Yesterday, I woke up at 5am, opened Facebook on my phone, and saw the news that an exceptionally lovely woman who volunteered with the youth group at the church I grew up in had passed away in the night. She was kind and joyful and too young to die, and while I’m now many years removed from that church, I found myself struck by a deep and complex grief.

Earlier in the week, I felt myself heading into a manic upswing. And mania doesn’t usually just go away because things get sad…it just finds different ways to process the negative emotions. Rather than the numb sorrow of depression, this sadness is sharp, acute, intense.
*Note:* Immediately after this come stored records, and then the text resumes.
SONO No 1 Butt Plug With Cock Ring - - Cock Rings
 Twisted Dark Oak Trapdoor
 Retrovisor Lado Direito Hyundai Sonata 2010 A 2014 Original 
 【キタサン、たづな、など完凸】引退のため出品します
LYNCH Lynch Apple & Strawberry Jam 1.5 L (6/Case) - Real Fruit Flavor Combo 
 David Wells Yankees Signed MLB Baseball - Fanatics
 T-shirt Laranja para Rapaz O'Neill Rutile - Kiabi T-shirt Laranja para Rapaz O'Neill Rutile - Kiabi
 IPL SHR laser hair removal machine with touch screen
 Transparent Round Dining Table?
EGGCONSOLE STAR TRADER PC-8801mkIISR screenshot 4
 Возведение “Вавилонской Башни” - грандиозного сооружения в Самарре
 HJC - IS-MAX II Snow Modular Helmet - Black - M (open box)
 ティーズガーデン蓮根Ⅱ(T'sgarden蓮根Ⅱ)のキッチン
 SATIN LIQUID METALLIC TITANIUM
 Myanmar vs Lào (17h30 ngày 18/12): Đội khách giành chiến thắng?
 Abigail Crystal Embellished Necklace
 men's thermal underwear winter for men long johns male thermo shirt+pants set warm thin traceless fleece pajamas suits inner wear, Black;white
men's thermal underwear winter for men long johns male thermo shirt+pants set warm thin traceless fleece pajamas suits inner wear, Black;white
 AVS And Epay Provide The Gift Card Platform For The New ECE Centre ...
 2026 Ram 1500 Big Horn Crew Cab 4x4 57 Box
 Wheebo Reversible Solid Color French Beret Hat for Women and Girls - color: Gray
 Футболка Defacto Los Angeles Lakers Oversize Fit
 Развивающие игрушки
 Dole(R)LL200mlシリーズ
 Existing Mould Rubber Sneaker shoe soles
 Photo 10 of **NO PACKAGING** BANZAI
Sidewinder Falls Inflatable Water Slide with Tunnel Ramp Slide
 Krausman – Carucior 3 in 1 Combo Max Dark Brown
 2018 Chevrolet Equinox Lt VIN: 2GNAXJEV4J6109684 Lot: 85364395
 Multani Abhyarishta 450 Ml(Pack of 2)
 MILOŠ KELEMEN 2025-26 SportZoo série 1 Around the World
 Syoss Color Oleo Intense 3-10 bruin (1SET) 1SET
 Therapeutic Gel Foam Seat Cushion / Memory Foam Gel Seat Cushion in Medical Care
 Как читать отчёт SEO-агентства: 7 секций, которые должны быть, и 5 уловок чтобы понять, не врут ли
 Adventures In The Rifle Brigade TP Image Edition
Manic grief is, on its own, complex.

But added to that is the realization that there were a lot of adults in my formative years that I don’t necessarily agree with now that I’m an adult, and some of them probably wouldn’t want anything to do with me now (though the woman in question here would not fall into that latter category, so far as I know), but they kept me alive back then, when I was starting to wrestle with my own inner demons and darkness. It’s because of them that I could grow into the person I am today. Thinking about them is creating this weird mix of feelings of loss and nostalgia and gratitude and more loss.

I didn’t know this woman well, and aside from wishing each other happy birthday on Facebook, we hadn’t talked in years. Still, she left an impression that has stayed with me, and I can’t help but wish I could have said “thank you” one more time. If heaven exists, it is for people like her – if I can live my life with a fraction of the kindness and joy and grace that she did, I will have done well.